What the mirage of the Arab world means for today
Until this key question of the unit of politics within Arab states corresponding to their specific cultural and historical realities is mastered, they will remain doomed to be fragile, reactive, and inherently weak, always lacking the magic elixir of political legitimacy that makes more coherent states strong.

But the more coherent states at their periphery are not waiting for the present day Arab world to finally get its act together. Given the power vacuum created by the implosion of the Arab world (or at least the recognition of this until-now obscured reality), the power structure of the region has begun to congeal, leaving non-Arab states with strong, relatively homogenous national identities in the driver’s seat. It is little wonder that Turkey, Israel, and Iran, all in their very different ways at the periphery of the Middle East, have gained in strength, just as the most powerful states in the “Arab World’” – Egypt, Syria, Iraq – have been decisively shown to be weak. For the outliers it is the strength that comes from within that makes them powerful, just as for the Arab world it is this vital deficiency that keeps them increasingly and everlastingly weak.

At the end of Lawrence of Arabia, David Lean’s historically inaccurate but somehow still pitch-perfect take on outsiders and the Arab world, a fascinating exchange takes place.
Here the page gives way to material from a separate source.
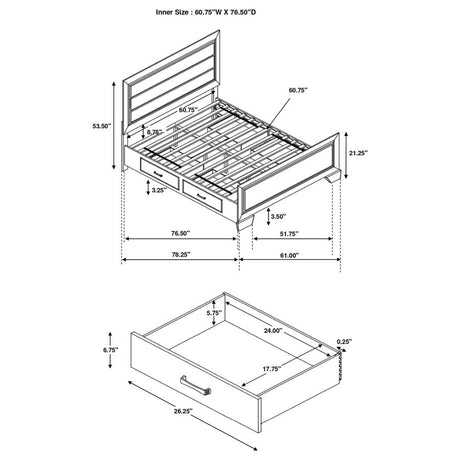 Kauffman Wood Queen Storage Panel Bed Dark Cocoa - 204390Q
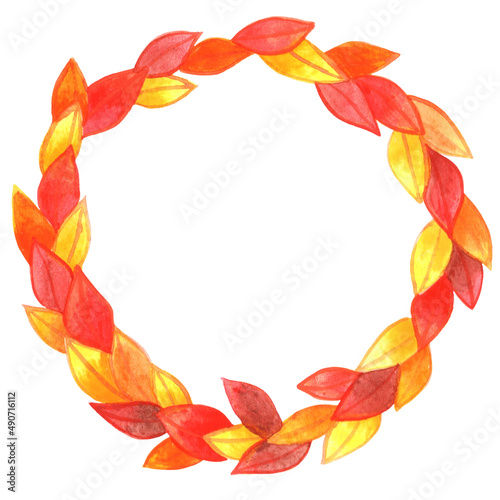 Colorful fall leaves wreath watercolor for decoration on Autumn season,Thanksgiving, Tea leaf and garden.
Two friends of Lawrence – the old tribalist Auda Abu Tayyi (rollickingly played by Anthony Quinn) and the young, liberal romantic Sheikh Ali (rendered by the perfect Omar Sharif) – briefly argue about the future of the Middle East after World War I. Ali wants to help create a new Arab world; Auda does not believe such a thing is possible. As they part, Auda to go back to the desert and Ali to stay in Damascus to learn about politics, Auda quips, “Being an Arab will be thornier than you suppose.” Up to the present day, there is little doubt that Auda has had the best of the argument.